Vol. 349, Issue 6254, pp. 1351-1356
DOI: 10.1126/science.aab0917

Circulating signals of drug resistance

Cancer drugs often lose their effectiveness because tumors acquire genetic changes that confer drug resistance. Ideally, patients would be switched to a different drug before tumor growth resumes, but this requires early knowledge of how resistance arose. Miyamoto et al. have developed a non-invasive method to spot resistance by sequencing RNA transcripts in single circulating tumor cells (CTCs) (see the Perspective by Nanus and Giannakakou). For example, in prostate cancer patients, drug resistance was triggered by activation of the Wnt signaling pathway. But CTCs are rare and fragile, and the technology needs further development before it is used in clinical practice.

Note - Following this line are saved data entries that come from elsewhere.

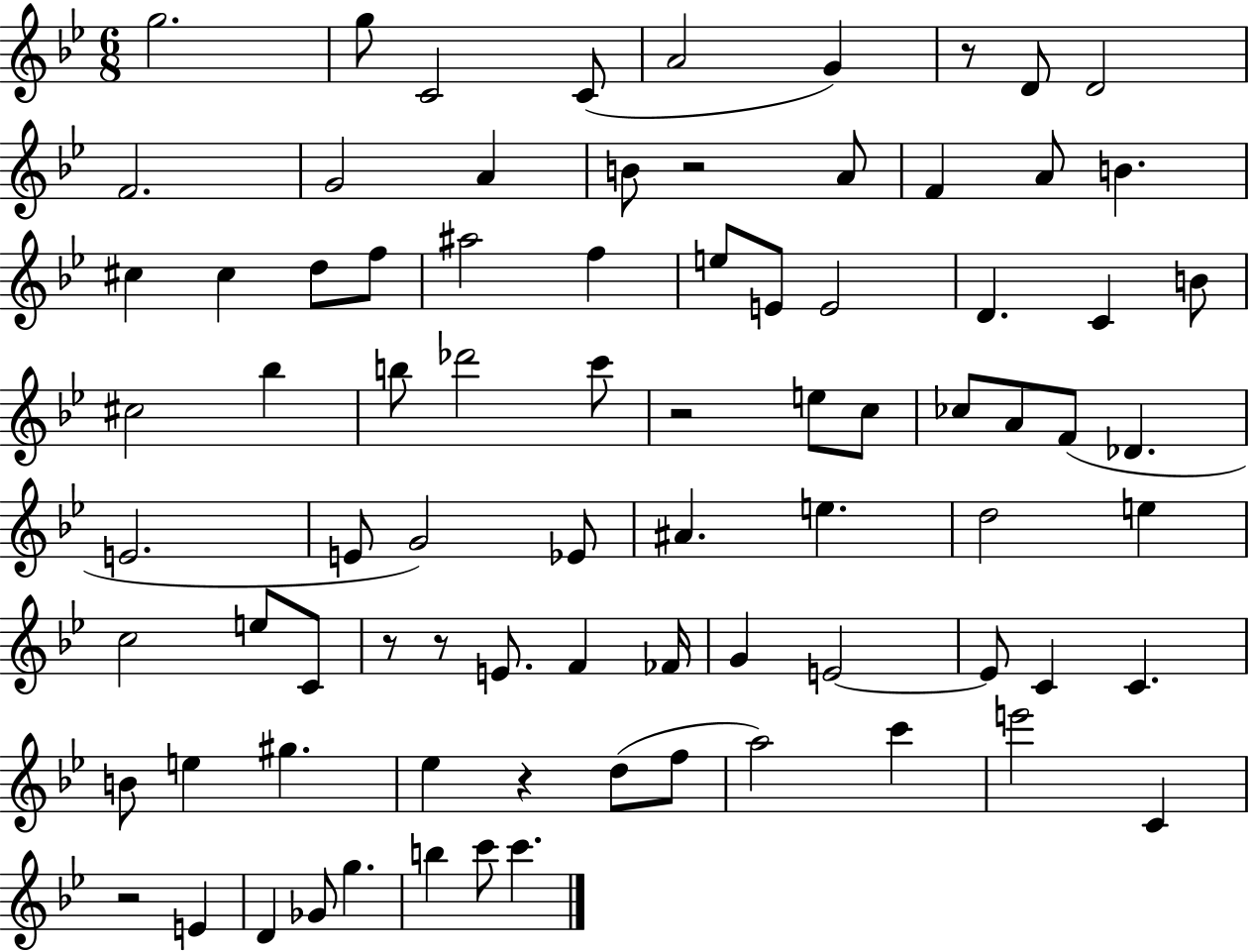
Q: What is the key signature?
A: BES major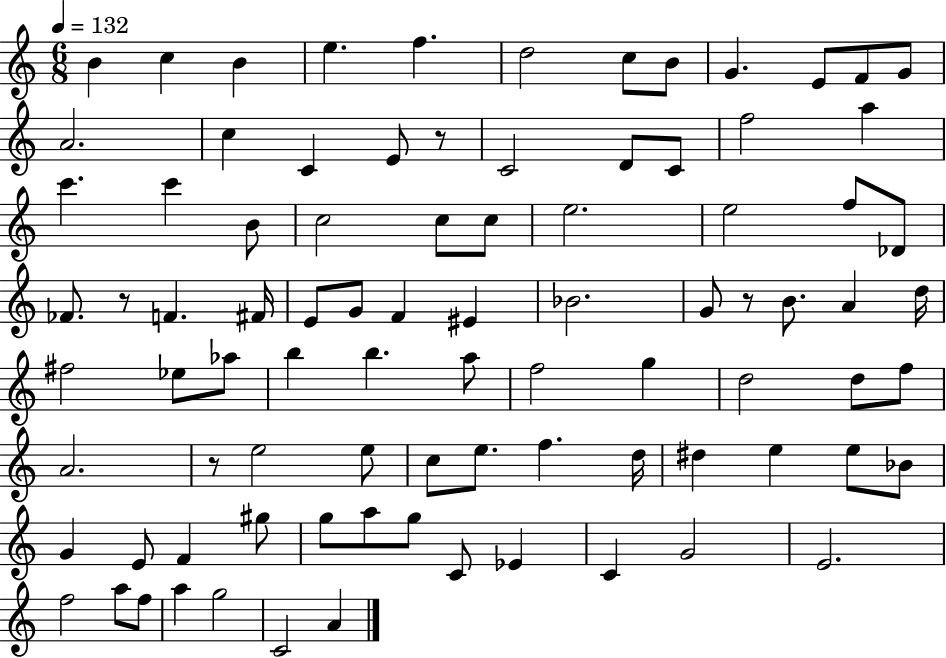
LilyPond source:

{
  \clef treble
  \numericTimeSignature
  \time 6/8
  \key c \major
  \tempo 4 = 132
  b'4 c''4 b'4 | e''4. f''4. | d''2 c''8 b'8 | g'4. e'8 f'8 g'8 | \break a'2. | c''4 c'4 e'8 r8 | c'2 d'8 c'8 | f''2 a''4 | \break c'''4. c'''4 b'8 | c''2 c''8 c''8 | e''2. | e''2 f''8 des'8 | \break fes'8. r8 f'4. fis'16 | e'8 g'8 f'4 eis'4 | bes'2. | g'8 r8 b'8. a'4 d''16 | \break fis''2 ees''8 aes''8 | b''4 b''4. a''8 | f''2 g''4 | d''2 d''8 f''8 | \break a'2. | r8 e''2 e''8 | c''8 e''8. f''4. d''16 | dis''4 e''4 e''8 bes'8 | \break g'4 e'8 f'4 gis''8 | g''8 a''8 g''8 c'8 ees'4 | c'4 g'2 | e'2. | \break f''2 a''8 f''8 | a''4 g''2 | c'2 a'4 | \bar "|."
}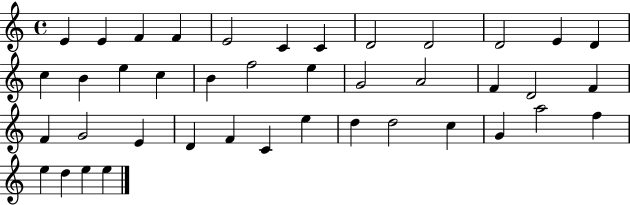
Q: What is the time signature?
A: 4/4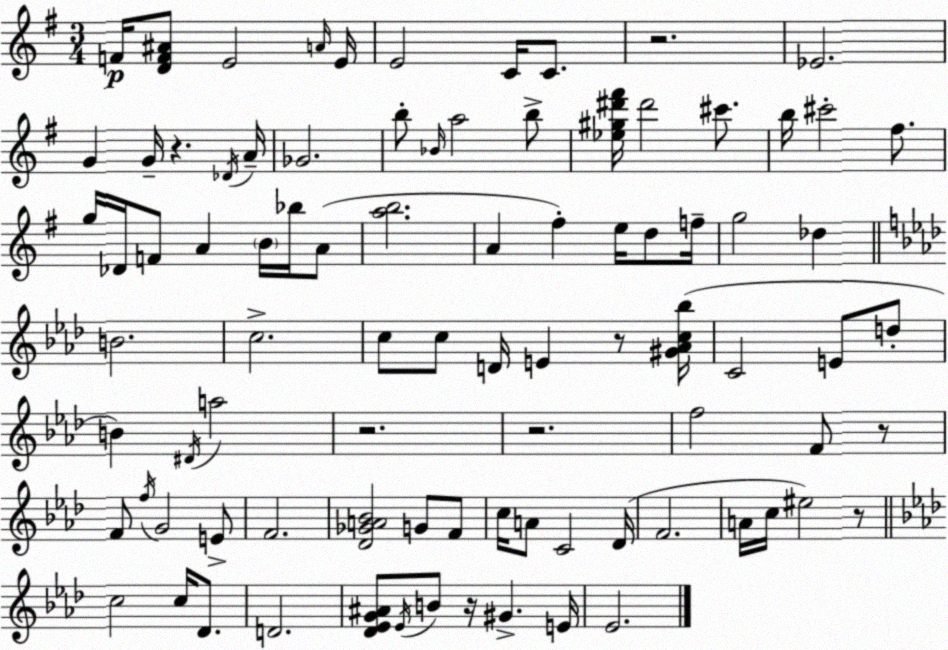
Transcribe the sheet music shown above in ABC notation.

X:1
T:Untitled
M:3/4
L:1/4
K:Em
F/4 [DF^A]/2 E2 A/4 E/4 E2 C/4 C/2 z2 _E2 G G/4 z _D/4 A/4 _G2 b/2 _B/4 a2 b/2 [_e^g^d'^f']/4 ^d'2 ^c'/2 b/4 ^c'2 ^f/2 g/4 _D/4 F/2 A B/4 _b/4 A/2 [ab]2 A ^f e/4 d/2 f/4 g2 _d B2 c2 c/2 c/2 D/4 E z/2 [^G_Ac_b]/4 C2 E/2 d/2 B ^D/4 a2 z2 z2 f2 F/2 z/2 F/2 f/4 G2 E/2 F2 [_D_GA_B]2 G/2 F/2 c/4 A/2 C2 _D/4 F2 A/4 c/4 ^e2 z/2 c2 c/4 _D/2 D2 [_D_EG^A]/2 _E/4 B/2 z/4 ^G E/4 _E2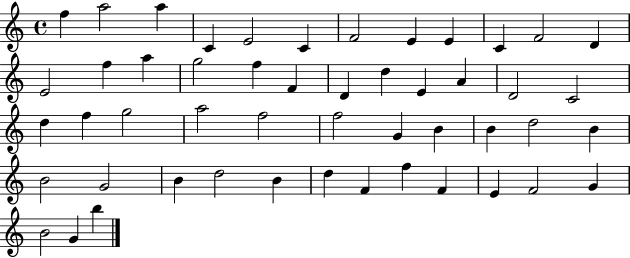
{
  \clef treble
  \time 4/4
  \defaultTimeSignature
  \key c \major
  f''4 a''2 a''4 | c'4 e'2 c'4 | f'2 e'4 e'4 | c'4 f'2 d'4 | \break e'2 f''4 a''4 | g''2 f''4 f'4 | d'4 d''4 e'4 a'4 | d'2 c'2 | \break d''4 f''4 g''2 | a''2 f''2 | f''2 g'4 b'4 | b'4 d''2 b'4 | \break b'2 g'2 | b'4 d''2 b'4 | d''4 f'4 f''4 f'4 | e'4 f'2 g'4 | \break b'2 g'4 b''4 | \bar "|."
}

Science, this issue p. 1351; see also p. 1283


Prostate cancer is initially responsive to androgen deprivation, but the effectiveness of androgen receptor (AR) inhibitors in recurrent disease is variable. Biopsy of bone metastases is challenging; hence, sampling circulating tumor cells (CTCs) may reveal drug-resistance mechanisms. We established single-cell RNA-sequencing (RNA-Seq) profiles of 77 intact CTCs isolated from 13 patients (mean six CTCs per patient), by using microfluidic enrichment. Single CTCs from each individual display considerable heterogeneity, including expression of AR gene mutations and splicing variants. Retrospective analysis of CTCs from patients progressing under treatment with an AR inhibitor, compared with untreated cases, indicates activation of noncanonical Wnt signaling (P = 0.0064). Ectopic expression of Wnt5a in prostate cancer cells attenuates the antiproliferative effect of AR inhibition, whereas its suppression in drug-resistant cells restores partial sensitivity, a correlation also evident in an established mouse model. Thus, single-cell analysis of prostate CTCs reveals heterogeneity in signaling pathways that could contribute to treatment failure.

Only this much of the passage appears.